El segundo escenario indica que la proclividad radical de Castillo (si éste gana) y Cerrón, podría ser intermediada por un servicio diplomático que intentase cumplir con su deber o que simplemente estará luchando por su sobrevivencia frente al embate de miembros del partido ganador que se instalarían en Torre Tagle. En ese caso, la relación regimental con los principales interlocutores estaría sujeta a revisión antes que a modificación inmediata y a establecer los requerimientos de las nuevas prioridades. En ese caso, el trato con el Perú sería percibido como esencialmente incierto.


El tercer escenario es el que corresponde a un triunfo de Fujimori. En él, tampoco se mantendría el statu quo externo en tanto que, probablemente, la búsqueda de protección y seguridad externa se incrementaría. Y tampoco se mantendría el statu quo interno porque la sensación de inseguridad presidencial se expresaría en una eventual incorporación de agentes partidarios o de tecnócratas leales aunque sin repetir el escenario de 1992.

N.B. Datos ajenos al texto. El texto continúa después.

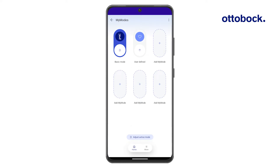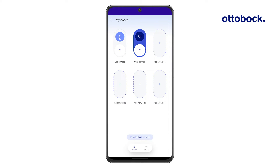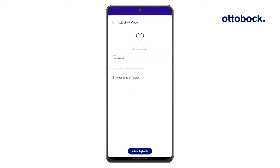To customize the MyMode, activate it with the toggle switch and press the Settings button. Now you can select an icon, rename the MyMode, and fine-tune the settings as needed.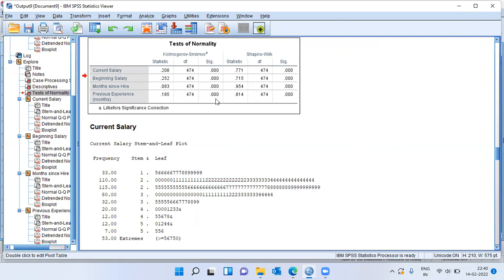Here in SPSS, SPSS offers two tests, KS test and Shapiro-Wilk test. We can choose either KS or Shapiro-Wilk depending upon what is the sample size in the dataset.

Los peruanos debemos saber a qué atenernos, especialmente si, bajo estas circunstancias, ningún gobierno podrá eventualmente cumplir el ciclo que establece la Constitución. Salvo que uno de ellos establezca una dictadura indeseable. Ésta debe ser precluida mediante un gran entendimiento nacional sobre asuntos muy concretos de necesidad nacional (sanidad y economía) y algunas reformas sociales (cobertura de servicios) que no excluyan ir a una nueva elección.